[Records from a data collection]
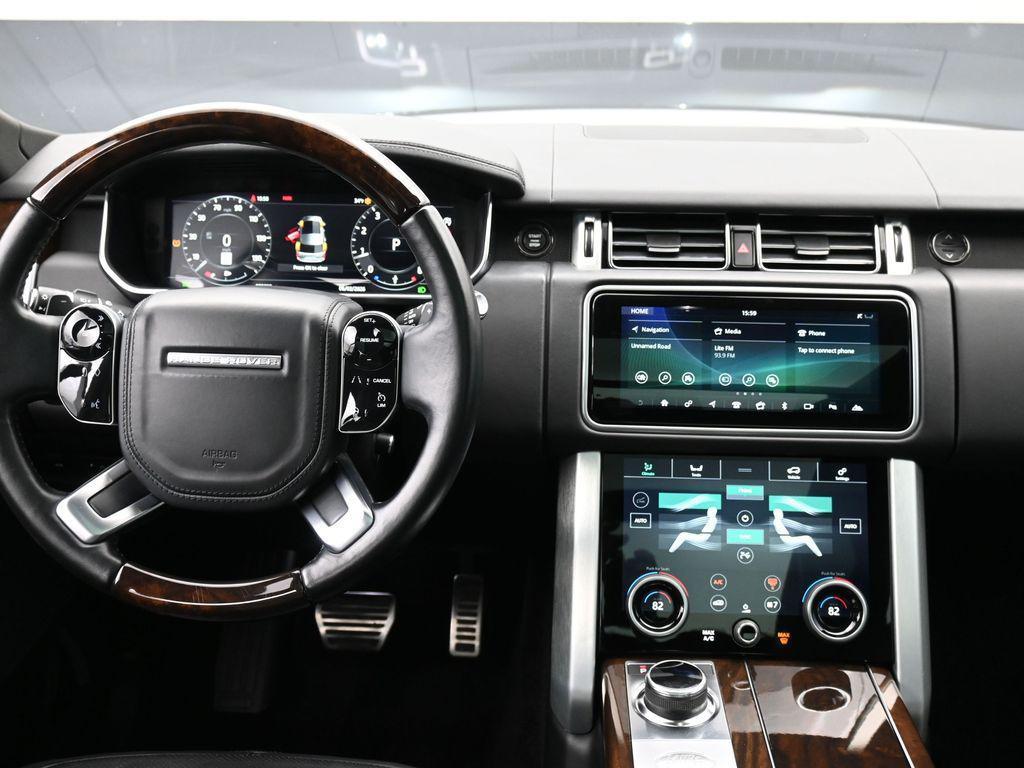 used 2022 Land Rover Range Rover car, priced at $44,489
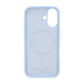 iPhone 17 Case - Silicone With Magsafe Rvelon Sky Blue
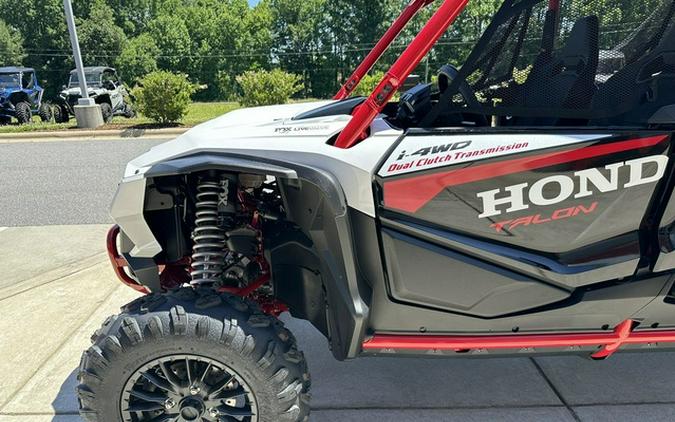 2025 Honda Talon 1000X 4 FOX Live Valve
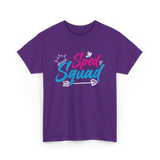 Sped Squad Special Education Teacher T-Shirt - Purple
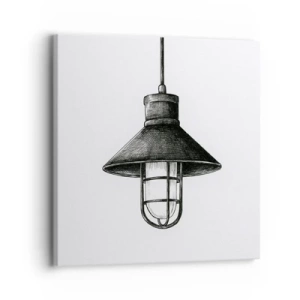 Bild auf Leinwand - Leinwandbild - Wie vor Jahren… - 30x30 cm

• What to do:
Your answer must be the records exactly as they stand, with no pictures in it.

• Answer area:
 used 2022 Land Rover Range Rover car, priced at $44,489
 iPhone 17 Case - Silicone With Magsafe Rvelon Sky Blue
 2025 Honda Talon 1000X 4 FOX Live Valve
 Sped Squad Special Education Teacher T-Shirt - Purple
 Bild auf Leinwand - Leinwandbild - Wie vor Jahren… - 30x30 cm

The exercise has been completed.